Tag Archives: ambivalence

Armchair Ambivalence

As vocal armchair isolationism clogs the Congressional switchboard, it’s probably important to recognize that quiet armchair ambivalence is probably much more widely held. For my part, I hope my members of Congress understand that not calling Congress is not the same as not caring. Ambivalence toward warfare is not apathy. The countdown for a Congressional vote on intervention in Syria tick-tocks to a heartbreaking result, no matter what the result is.  How do I call my Congressperson about that?

Can it be enough that I share in the agonizing frustration that there are no good options?  I’m not sure that otherwise-reliable anti-war rhetoric has moral superiority when a dictator can use chemical weapons without consequence. On the other hand, does intervention draw an arbitrary line around one particular atrocity but not others? What price? What purpose? What result? It’s hard to find much solace in the vague descriptions a no-boots-on-the-ground, sending-a-strong-message intervention.
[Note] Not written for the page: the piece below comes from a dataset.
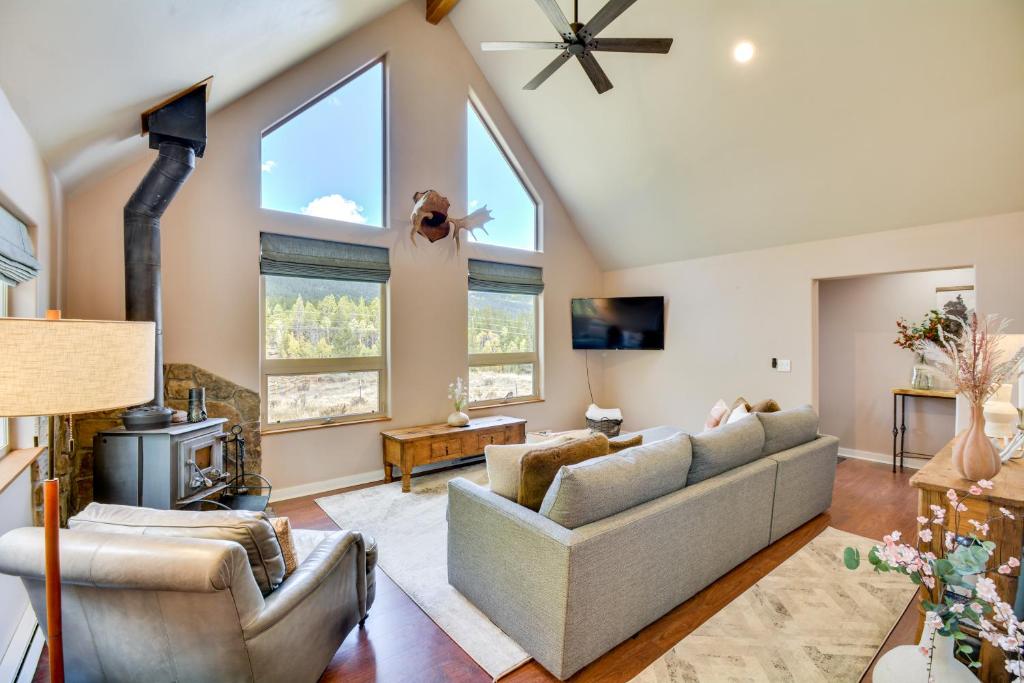 a living room with a couch and a fireplace at Hot Tub and Deck Cabin Near Dtwn Alma and Breck in Alma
What does that even look like?  Is it even possible to have an appropriately scaled intervention that can be satisfactorily limited to punishment and deterrence, but nothing more?  I can only hope that there are classified powerpoint slides about all of this.

Ultimately, I think I’m most persuaded by what appears to be this administration imbued with genuine pain in making the case to intervene. It seems the appropriate reaction to an impossible problem.